How to Prevent 5 Hacking Threats

October is National Cybersecurity Awareness Month—a time for cautionary reminders of the digital dangers – including during real estate transactions. Take these steps to keep yourself safe from scammers.

Are you doing enough to keep your personal data secure? Recent cyberattacks in the real estate industry, including the hacking of the Corcoran Group’s computer systems—which exposed agent commissions to company employees—should serve as a wake-up call. Wire fraud, another prominent problem in the real estate industry, also can cost you your entire down payment and unravel transactions in the final minutes.

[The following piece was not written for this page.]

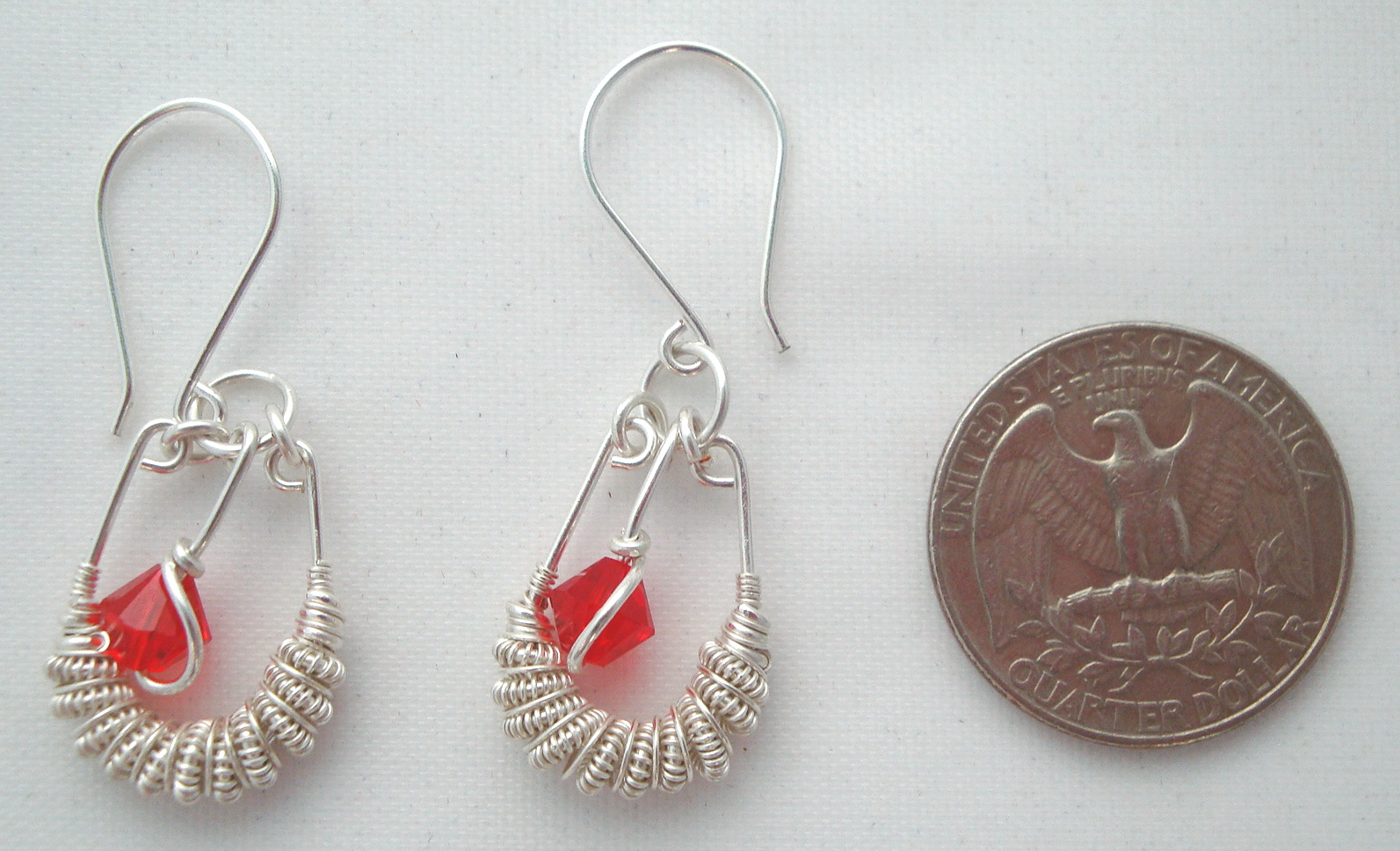 Silver Spiral earrings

Real estate was the second-most targeted industry for malware in the second quarter of 2018, according to a report from cybersecurity firm eSentire. October is National Cybersecurity Awareness Month, and security organizations are using this time to raise consciousness about making cybersecurity a priority in business. A recent article in REALTOR® Magazine uncovers a few of the vulnerabilities that real estate pros, title companies, as well as buyers and sellers are facing.

1. Wire Fraud Scams

If you are the buyer: Before settlement of the transaction, hackers may send you an email that appears to originate from your realtor or the lender and contains directions for wiring your down payment funds. If buyers follow the directions they often lose their funds permanently; hackers can make the money trail untraceable in mere minutes. Security experts urge real estate pros to post warnings about such a wire scam to their email signatures and address the threats face-to-face with clients.

2. Unsecure Wi-Fi

If you are a road warrior, you often have to plug into your business from remote locations. But using public or unsecure Wi-Fi enables scammers to gain access to your data. That puts your information at risk of being compromised. Take precautions when using a Wi-Fi network by disabling sharing on all your devices before connecting to public Wi-Fi and using a VPN. Here are more tips.

3. Outdated Software

You know that software update you’ve been putting off? Well, it’s time to stop delaying. Many updates contain important security patches. Cybersecurity experts urge businesses and consumers to not fall behind on software updates, which can make their electronics and information vulnerable to hackers.

4. Weak Passwords

Your password is a layer of defense against hackers. But studies show that millions of people rely on easy-to-guess passwords, which has been blamed for a growing number of data breaches. Security experts advise using stronger passwords as well as two-factor authentication, such as with the addition of a fingerprint or PIN.

5. Phishing Emails

Phishing emails may appear to come from a respectable business—even your professional association. In 2018, a scammer sent members of the National Association of REALTORS® an email posing as the trade association, directing recipients to open an email attachment to update their information in the membership directory. Be cautious about what you download. Cybersecurity experts say there are key things to look for in determining a phishing email scam.